Thanks John for your help. It is always very appreciated.

With the macro FASTBIT_EMPTY_STRING_AS_NULL enabled, all my test cases now 
works. I'll test performance next but it could be a good candidate for my 
stable version.

About the FASTBIT_EMPTY_STRING_AS_NULL, what do you think would be the best 
default ? For my use case, it is obviously to enable it, but for everybody else 
i don't know.  My concern is the backward compatibility here, especially the 
fact that it influences the index creation, and not usage. This means that 
somebody who upgrades won't notice this change before it regenerates indexes. 
What's your opinion on this ?

Thanks,

-----Original Message-----
From: K. John Wu [mailto:[email protected]] 
Sent: Wednesday, March 28, 2012 11:20 AM
To: Dominique Prunier
Cc: FastBit Users
Subject: Re: [FastBit-users] PATCH: perf boost on top of r501

Hi, Dominique,

Thanks for the suggestions and and test cases.  Just checked in a set
of changes as SVN Revision 506.  Here is a bit more explanation.

On item 1, I have taken the option you've suggested in the first
message, i.e., use the macro FASTBIT_EMPTY_STRING_AS_NULL

On item 2, I have restored the escaping of using backslash as you
requested.

Will go through you tests cases next and see what else I need to change.

John


On 3/28/12 8:02 AM, Dominique Prunier wrote:
> Hi John,
> 
> Here is two simple test cases for my two issues with r505.
> 
> 1. empty-strings.zip: there is no way to select empty string anymore
> 
> **** FAILED (bad result count) with where clause << a='' >>
> 
> **** FAILED (bad result count) with where clause << a=0 >>
> 
> **** FAILED (hard) with where clause << a LIKE '' >>
> 
> 2. de-escaping.zip: there is no way to select a string with a reserved char 
> in it
> 
> **** FAILED (bad result count) with where clause << a='it\'s good' >>
> 
> Warning -- ibis::whereParser encountered syntax error, unexpected name string 
> at location a='it's good':1.7
> Warning -- query[96w0-3xn8Tg----1]::setWhereClause -- failed to parse the 
> WHERE clause "a='it's good'"
> Warning -- fastbit_build_query failed to assign conditions (a='it's good') to 
> a query
> **** FAILED (hard) with where clause << a='it's good' >>
> 
> Warning -- ibis::whereParser encountered syntax error, unexpected $undefined 
> at location a=it's good:1.5
> Warning -- query[96w0-3xn8Tg----2]::setWhereClause -- failed to parse the 
> WHERE clause "a=it's good"
> Warning -- fastbit_build_query failed to assign conditions (a=it's good) to a 
> query
> **** FAILED (hard) with where clause << a=it's good >>
> 
> With the attached patch, it fixes my test cases (except a LIKE '' that didn't 
> work before and a='it's good' and a=it's good whieh are invalid where 
> clauses).
> 
> Thanks,
> 
> -----Original Message-----
> From: [email protected] 
> [mailto:[email protected]] On Behalf Of Dominique Prunier
> Sent: Wednesday, March 28, 2012 10:04 AM
> To: K. John Wu
> Cc: FastBit Users
> Subject: Re: [FastBit-users] PATCH: perf boost on top of r501
> 
> Hey John,
> 
> I'm trying r505 right know, i have two questions/remarks:
> 
>  1. I saw a change about the dictionary now able to accept empty strings and 
> treat them as normal strings instead of NULLs.

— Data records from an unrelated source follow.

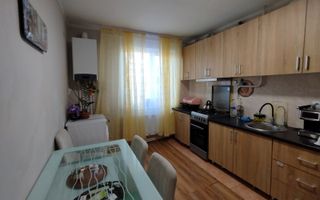 Apartament spațios pentru familie – 3 camere + living, 81,5 m² | s. Speia, Anenii Noi - Poză 38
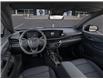 2025 Buick Envista Sport Touring (Stk: 25615) in Orangeville - Image 15 of 24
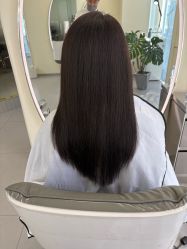 -5M HAIR SALON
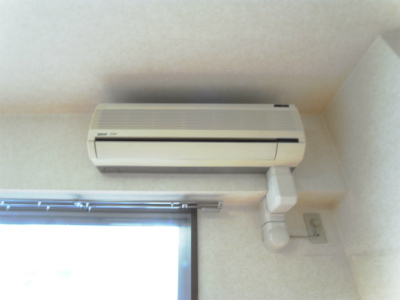 14/22 その他画像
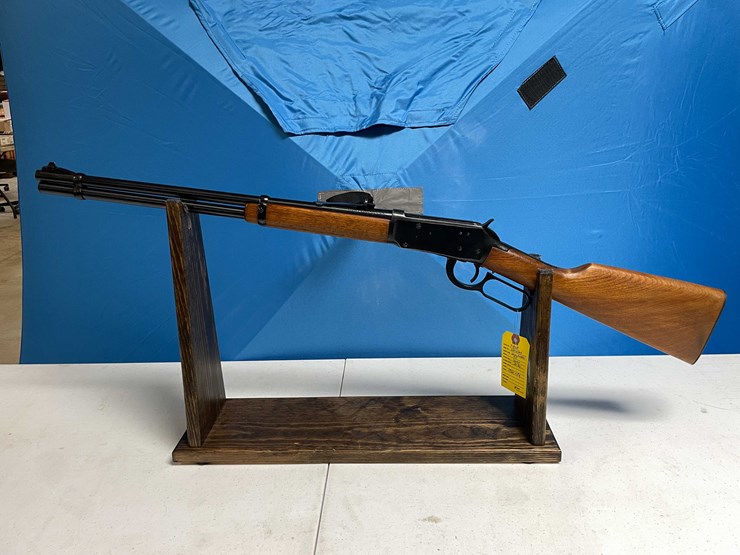 #2771-•-winchester-model-94-30-30-win-lever-action-rifle,-sn:-2972504-image-1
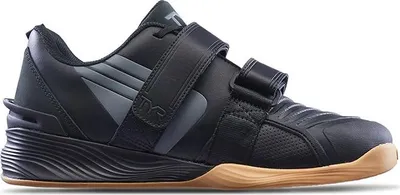 Produktbild von Tyr L-2 Lifter Sportschuhe Grau EU 39 1/3 Mann Grau EU 39 1/3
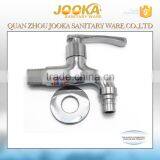 Factory of Sanitary Ware Great Water Bibcock Taps With High Quality thumbnail-1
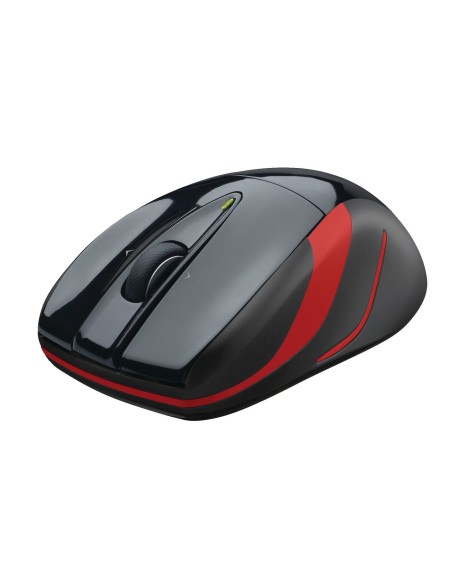 Logitech LGT-M525B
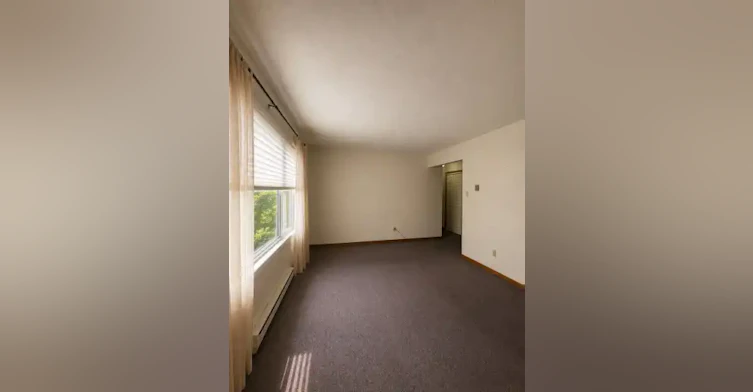 200 Lake Street, Peterborough, ON, K9J 2H3 - 3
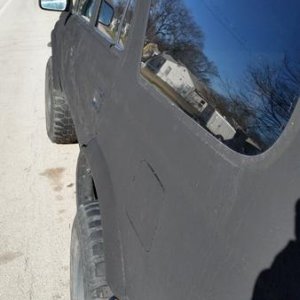 20150201 144611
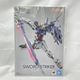 ����š۳���)METAL BUILD ��ư��Υ������SEED �����ɥ��ȥ饤������O���ܡ�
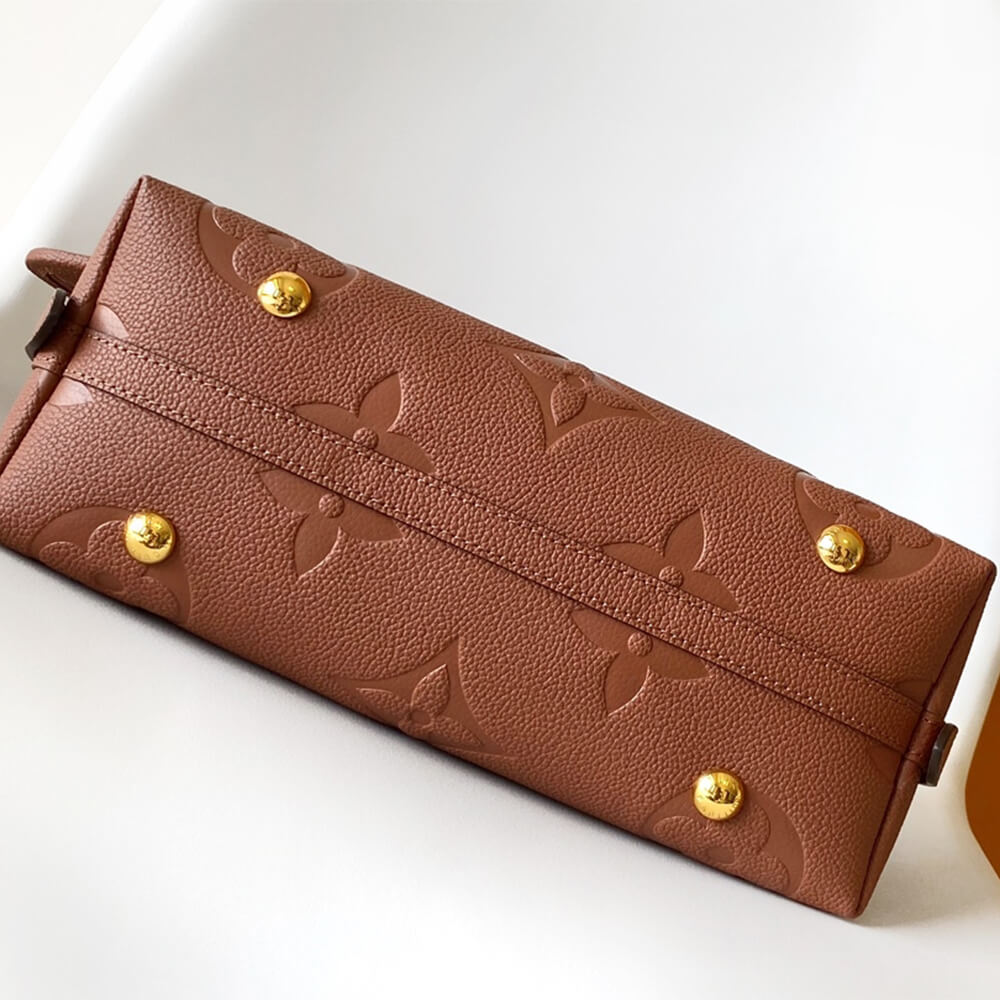LV CarryAll PM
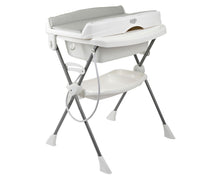 Cargar imagen en el visor de la galería, Bañera Burigotto Splash+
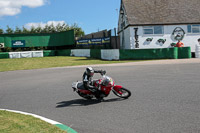enduro-digital-images;event-digital-images;eventdigitalimages;mallory-park;mallory-park-photographs;mallory-park-trackday;mallory-park-trackday-photographs;no-limits-trackdays;peter-wileman-photography;racing-digital-images;trackday-digital-images;trackday-photos
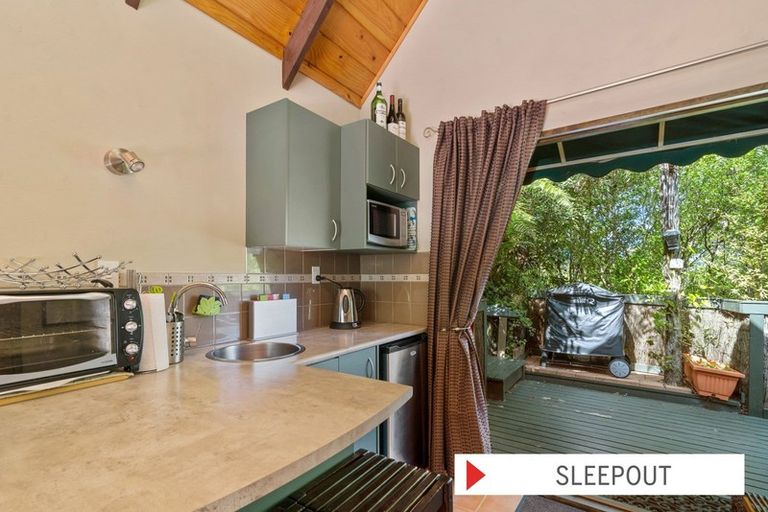Photo of property in 146 Okere Road, Okere Falls, Rotorua, 3074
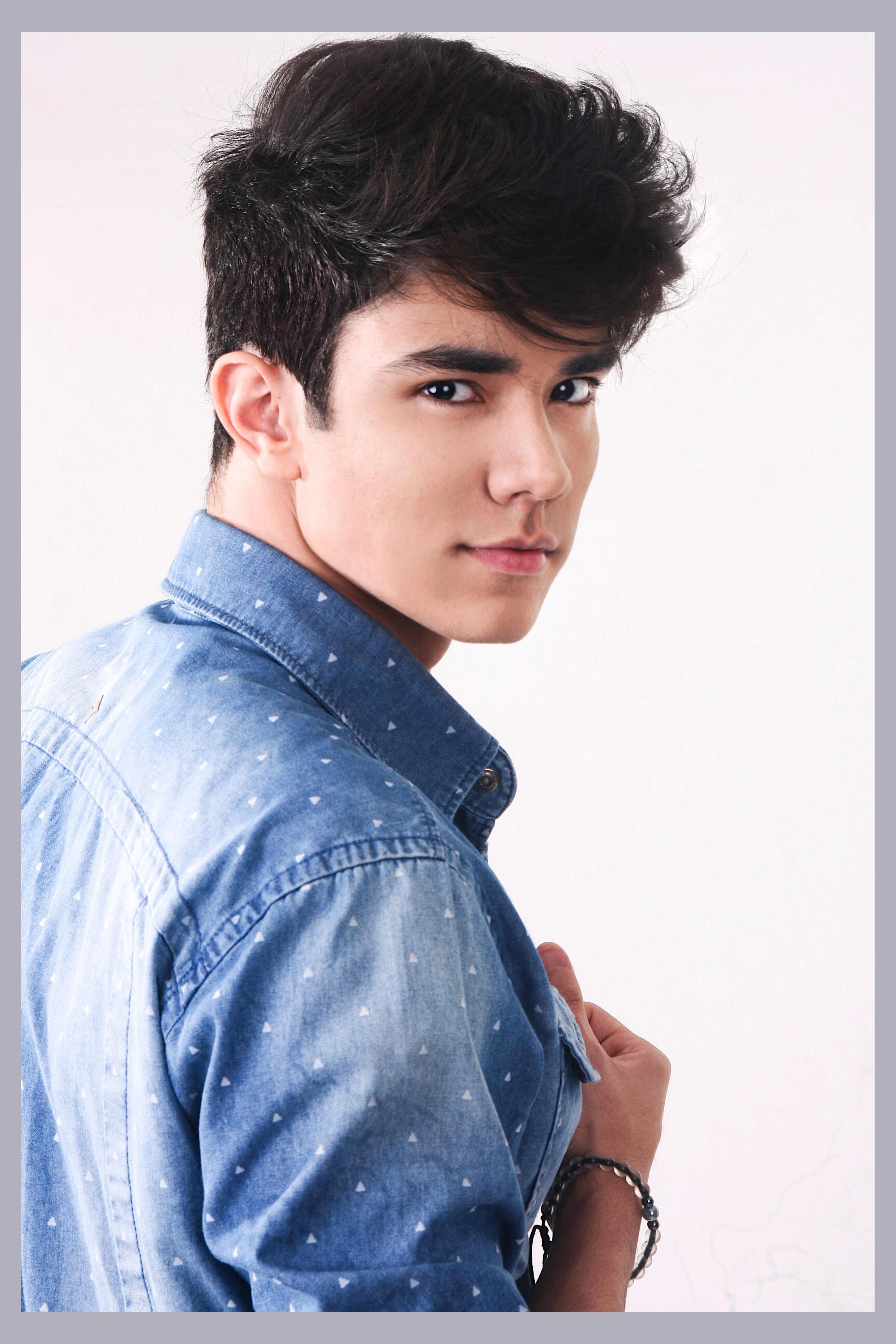 Vithor Vasco photo 1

This breaks quite a lot of my 
> test cases, specifically those which used to test category=0 or !=0 to 
> simulate the IS NULL/IS NOT NULL because testing for an empty string doesn't 
> work (='' or LIKE '' used to fail or return invalid results). What would be 
> your recommendation for that use case ? Could we add a define for those 
> relying on this behavior ? Something like:
> 
> -    //if (*str == 0) return 0;
> +#ifdef FASTBIT_EMPTY_STRING_AS_NULL
> +    if (*str == 0) return 0;
> +#endif
> 
>  2. I can't find anywhere the de-escaping patch in r505, am i missing 
> something ?
> 
> Thanks,
> 
> -----Original Message-----
> From: K. John Wu [mailto:[email protected]] 
> Sent: Wednesday, March 28, 2012 1:55 AM
> To: Dominique Prunier
> Cc: FastBit Users
> Subject: Re: [FastBit-users] PATCH: perf boost on top of r501
> 
> Hi, Dominique,
> 
> There are some updates to involving merge of dictionaries and to
> exercise the operations involving unmatched quotes.  The new code is
> SVN R505.
> 
> Please let me know if you have any additional questions.
> 
> John
> 
> 
> On 3/27/12 1:03 PM, Dominique Prunier wrote:
>> Hey John,
>>
>> There is definitely a need for FastBit escaping. The escaping problem is not 
>> at the shell level (though we could have one there) since in pure C/C++ 
>> code, there's no shell involved when i'm building a where clause from a 
>> string. The problem is at the where clause parsing level (in the lexer to be 
>> more precise) to be able to express string literals among other things (and 
>> not only metas, it is also white spaces, ...).
>> Typically, my test that fails is as simple as calling 
>> fastbit_build_query(..., ..., "a='it\\'s good'"). This is expected to create 
>> a qString << a = it's good >> but now, it creates a qString << a = it\'s 
>> good >> which is wrong. The attached patch restores the descaping, but _not_ 
>> the double quote stripping (because it is already handled in the lexer). All 
>> my test cases works after applying it on r503.
> 
> The constructors for ibis::qString and ibis::qLike really should not
> strip away anything.  In your case, you should be able to do the following
> 
> .../tcapi data-dir "a=\"it's good\""
> 
> if you are using fastbit_build_query, you can use the same string
> fastbit_build_query(..., ..., "a=\"it's good\"");
> 
> Since FastBit regular expression only support four meta characters ? *
> _ %.  There is no need to escape anything.  It is probably cleaner to
> not introduce stripping of anything special (except the outer most
> quotes, which should be only done once).
> 
>>
>> About the decompression, thanks for the link, this is very interesting stuff 
>> ! But my point here is not about questing the fact the decompression can be 
>> better is some case, i was just under the impression that the hit vector 
>> given to category::patternSearch was _always_ already decompressed since it 
>> is ultimately a bitvector that has been created from scratch for query 
>> evaluation (it would need verification though). My guess is that the few 
>> percent of performance i'm loosing here are attributable to the check 
>> (hits.isCompressed() && hits.bytes()*mult + bv->bytes() > hits.size()), 
>> since it gets executed _A LOT_ of times. I'll try to investigate it a little 
>> bit further.
> 
> I have rearranged the tests for decompression in layers which
> hopefully will eliminate the need to perform more expensive tests in
> your case that presumably involve a fairly small number of values.
> _______________________________________________
> FastBit-users mailing list
> [email protected]
> https://hpcrdm.lbl.gov/cgi-bin/mailman/listinfo/fastbit-users
_______________________________________________
FastBit-users mailing list
[email protected]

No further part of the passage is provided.